Resultaat:  De kracht van incompetentie!

Competenties

Voordat ik verder op het onderzoek in ga, wil ik je eerste meenemen in wat competenties zijn. Ze staan namelijk tegenwoordig in bijna alle functieprofielen en vormen daarmee de kern van functie.

Een competentie = vaardigheid + kennis , oftewel een reeks automatische gedragingen gecombineerd met de juiste kennis.  Het aanleren van een competentie komt voort uit 1 of meerdere drijfveren. Zo zorgt bijvoorbeeld veel sociale empathie er voor dat je instaat bent om de competentie luisteren makkelijk te ontwikkelen.

tma-methode

Het kiezen van de juiste competenties om op te selecteren is van wezenlijk belang voor het uiteindelijke succes van je (toekomstige) werknemer.  Want een goede match op een verkeerd profiel blijft een slechte match.

Bij het vormen van een functieprofiel kiezen de afdelingsmanager, ondernemer of HR adviseur de competenties die van belang zijn voor de functie.  Daarbij wordt veelal nagedacht, overgeschreven of gespiekt bij andere vacatures.

Hoe wordt dit binnen jullie organisatie gedaan?

Het opstellen van het juiste functie (& zoek) profiel bepaald namelijk voor een groot deel het uiteindelijke resultaat van de performance van je (nieuwe) medewerkers.  Zo ook op de salesafdeling van mijn klant.

De beste manier om een functie profiel helder te krijgen is middels een normgroep analyse. Het antwoord voor het zoeken naar een succesvolle nieuwe medewerker, ligt bij de succesvolle huidige werknemers.  Waarom zijn sommige succesvol en anderen niet?

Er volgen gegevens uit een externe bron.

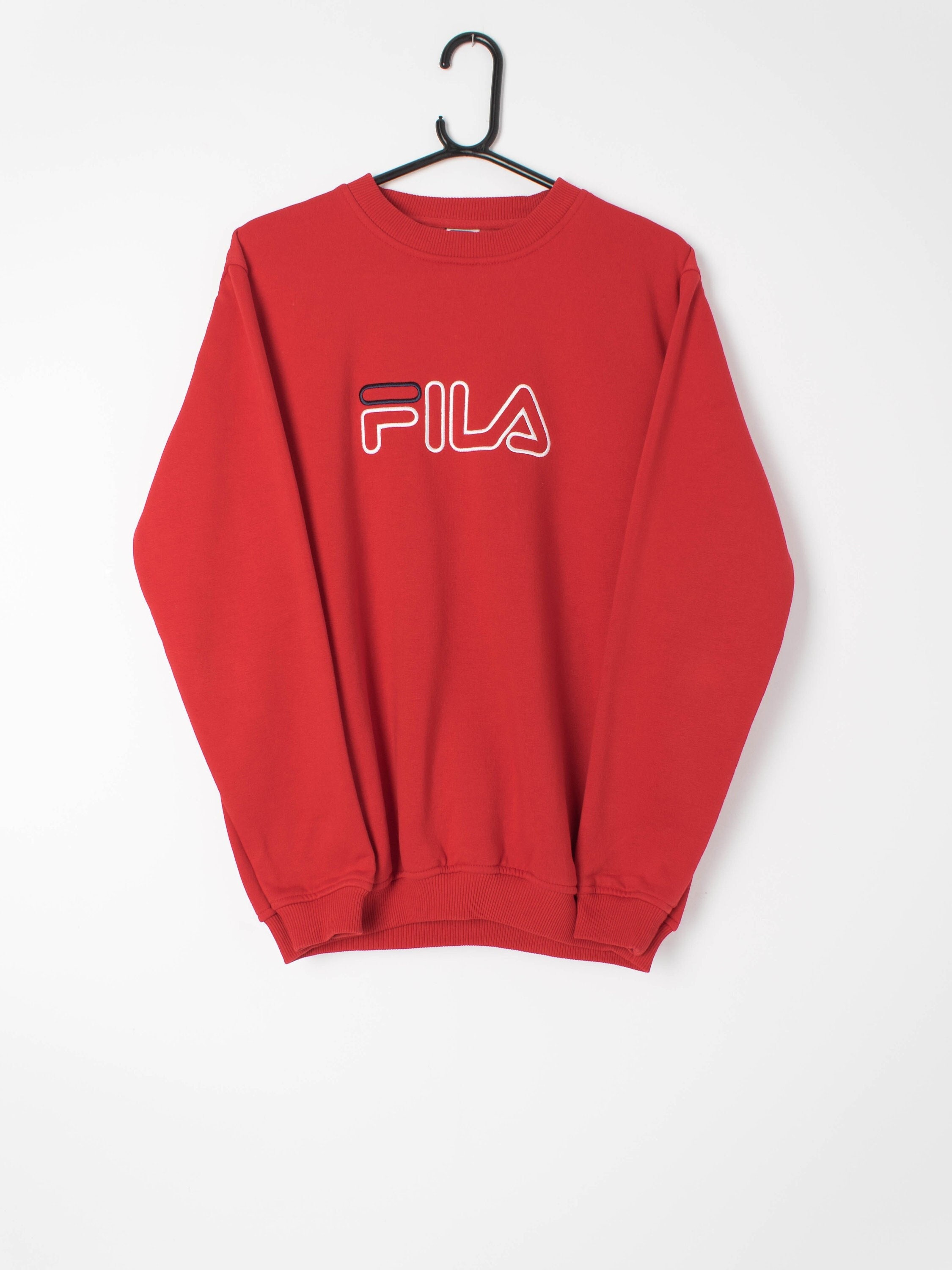 Vintage Fila Sweatshirt Bright Red 90s Y2K Spellout Logo - Etsy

De PRiMAN competentiescan hebben we ingezet  om inzicht in de motivatie van de  medewerkers te krijgen. Welke medewerkers zijn intrinsiek gemotiveerd en waar ligt hun intrinsieke motivatie? Het bestuderen van de resultanten en de verbanden tussen de huidige ‘’Top performer’’ en de andere medewerkers leverde een opmerkelijk resultaat op.

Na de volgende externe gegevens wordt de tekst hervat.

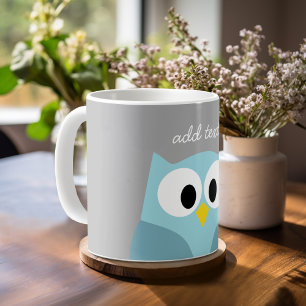 Cute Cartoon Owl - Blue and Grey Custom Name Koffiemok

De kracht van incompetentie!

Na het analyseren van alle scores blijkt er op competentieniveau  1 competentie te zijn waarop een significant verschil meetbaar is: ‘’Overtuigingskracht’’. Logisch zal je wellicht denken. Dit staat vast en zeker omschreven in 9/10 functieprofielen (zo ook in die van mijn klant).

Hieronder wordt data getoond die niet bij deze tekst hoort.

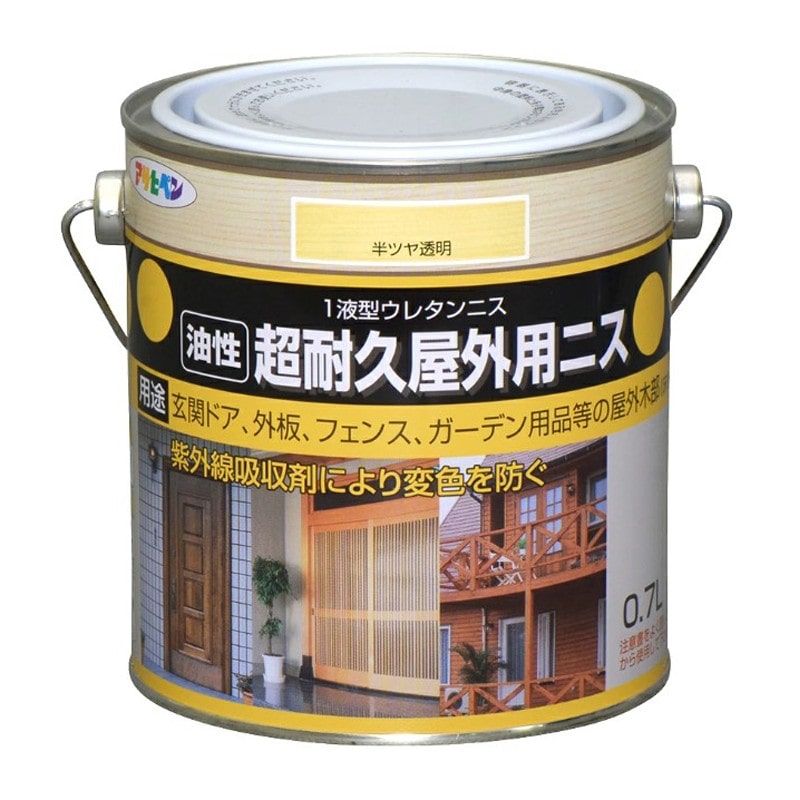 アサヒペン 9010389 超耐久屋外用ニス 0.7L 半ツヤ透明 1個（ご注文単位1個）【直送品】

Opvallend genoeg moet worden geconstateerd dat de top performers van de organisatie zich bevinden in de groep ‘’Moeilijk ontwikkelbare’’ overtuigingskracht.

Conclusie luidt dus: ‘’De kracht van de sales  binnen de organisatie ligt bij de natuurlijk aanleg om klanten vooral niet te willen overtuigen’’.

Samen met mijn klant kwam ik op deze manier tot de conclusie dat al die tijd de verkeerde mensen werden geselecteerd. De PRiMAN talentenscan in ingevoerd als 1e selectiemiddel binnen de Werving & Selectie omdat intrinsieke motivatie nu eenmaal lastig meetbaar is in een persoonlijk interview.

Aan de hand van deze case wil ik 3 tips meegeven:

  1. Besteed aandacht aan het formuleren van een goed functieprofiel.
  2. Analyseer het succesgedrag  van huidige medewerkers binnen je organisatie, dit vinden ze vaak nog leuk ook ;).
  3. Ergens geen aanleg voor hebben, kan ook een kwaliteit zijn!

Tot de volgende keer !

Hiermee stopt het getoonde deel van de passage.